Government’s stance discourages small-scale energy producers
With its year round sunshine and ever-increasing electricity costs, Spain should be the perfect subject for continued R&D in the solar energy industry.
As any disgruntled household bill payer in Spain can attest, the country has the fourth-highest electricity prices in Europe, averaging out at a monthly rate of €80 per person.
In the last decade, technological advancements in the field have made it easier for people and businesses to produce their own electricity with guidance and backing from organisations such as Plataforma para un Nuevo Modelo Energetico (Platform for a New Energy Model) and Som Energia (We Are Energy).
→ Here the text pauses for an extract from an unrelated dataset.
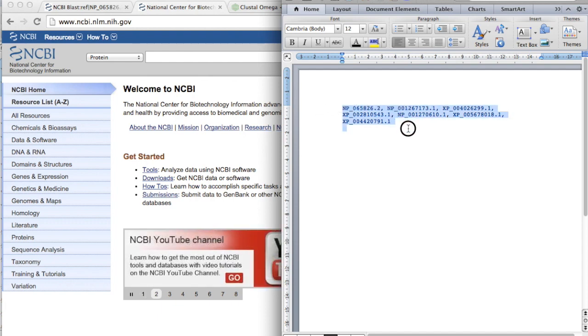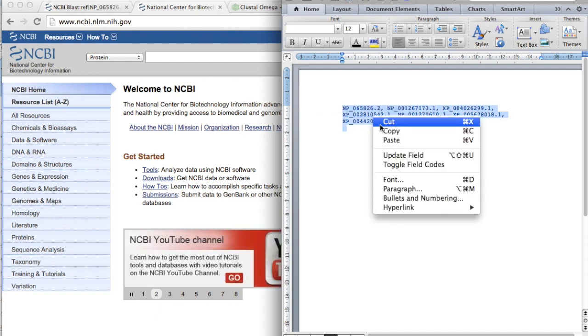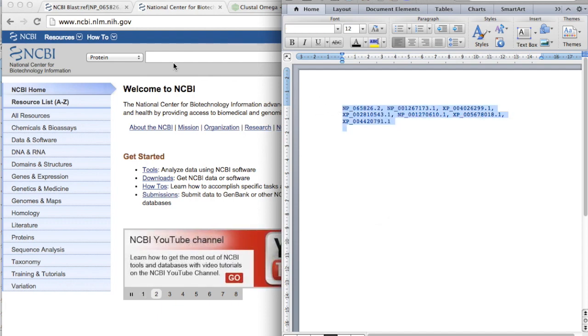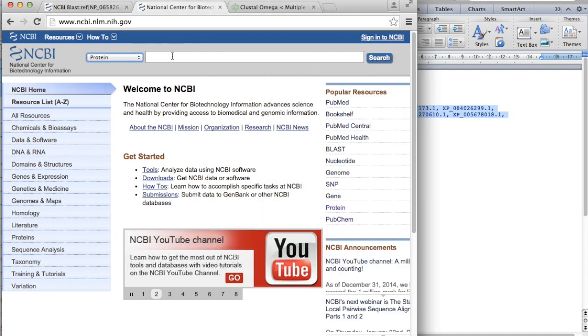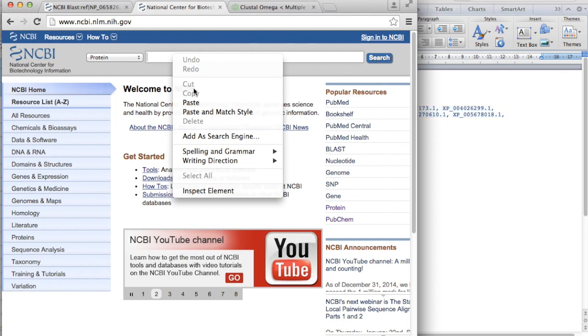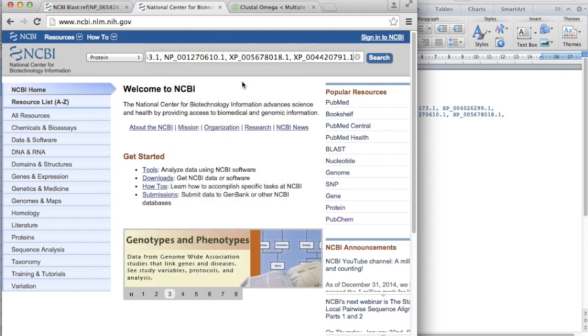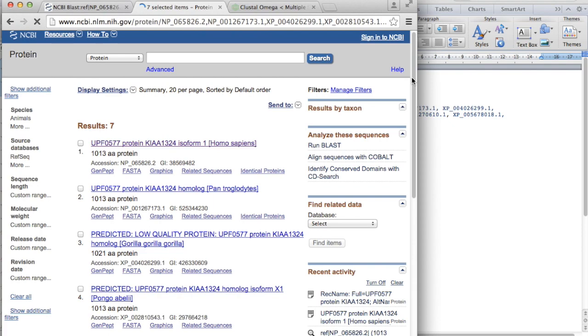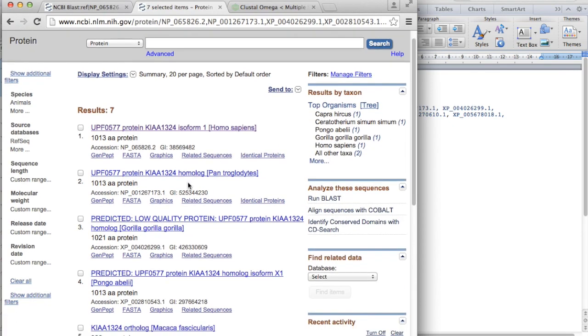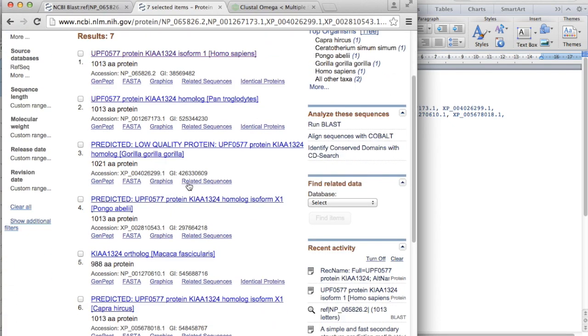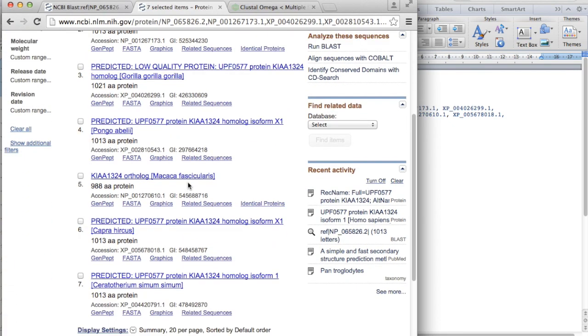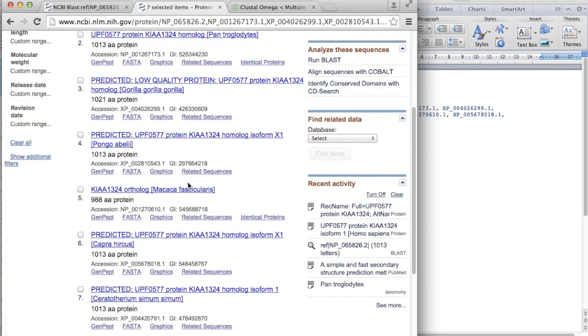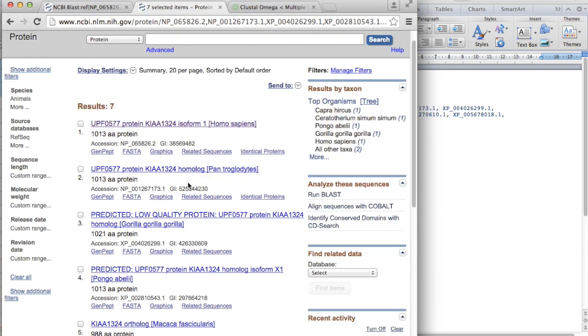And what we will do is to copy and put this here in NCBI and search. And here you can see the seven organisms that I chose.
Self-production is a costly process and producers often find themselves out-of pocket initially, with equipment costing tens of thousands of euros.
Historically, the Spanish government offered subsidies to self-producers, as well as helpful schemes to buy surplus energy from producers for public use.
However, recent reports tell a different story for small-scale renewable producers today. If draft legislation gets the go ahead in congress and from Brussels, the payment system for surplus energy will be revoked and subsidies will no longer be readily available. In fact, those self-producers who conserve their solar power in batteries, to use at night, will face additional taxation.
The prevailing explanation for this shift is that the government is protecting the country´s main electricity producers and distributors.
The government´s policy on self-production is starkly different to that of its European neighbours, many have which have embraced the process and introduced schemes to encourage conservation and allow nighttime use of surplus energy, without the hefty price tag.